Once the IV fluid is flowing well, they take me to the CT machine and lay me out. I have been in this room many times. A brand new machine means I will be out of here faster, but it also means that they have to “push” the dye through my system so that it floods quickly into the vascularized organs. Heralded by a strange metallic taste, the dye runs into me with an odd heat and pressure. The equipment spins around me taking its 3D pictures. Arms back over my head, I wonder if my body will reveal any of its secrets or if the cause of the abdominal pain will remain in obscurity.
They let me rest awhile and then take the IV out.
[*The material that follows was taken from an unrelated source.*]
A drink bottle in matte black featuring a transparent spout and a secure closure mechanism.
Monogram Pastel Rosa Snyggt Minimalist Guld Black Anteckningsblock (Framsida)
I watch the small, bloody plastic tube as it is pulled from the vein. I wrestle with my aversion to admitting inorganic medical instruments into my body. The clash of the gastroscopy camera versus my flesh was greater than this small intrusion, but still, I am not comfortable with it. Not after so many years of this.
Self portrait in red and blue
Tomorrow, I go for a CT scan of my abdomen. They'll light me up with a dye fed through an IV and see if anything shows up. After 27 years of medical tests, I find that I am more leery of these procedures than I was a few years back. I guess I have medical fatigue. I am trying not to focus on having yet another test, what they might find, or how tired I am of feeling sick. I confess: I'm not being super successful at that; however, I did take the time to focus on my collection of macro photos of my garden and that lightened my mood a bit. Again, beauty lingers near by in the form of a cornflower.
My legs are tired and don't carry me very far anymore. I took these photos when I visited the seaside with some friends. While they walked the length of the beach, I looked at sea and sky and what was near to me: overturned metal rowboats. I still long to walk and explore, but I am thankful for my ability to see beauty close at hand. Small things can dazzle and surprise.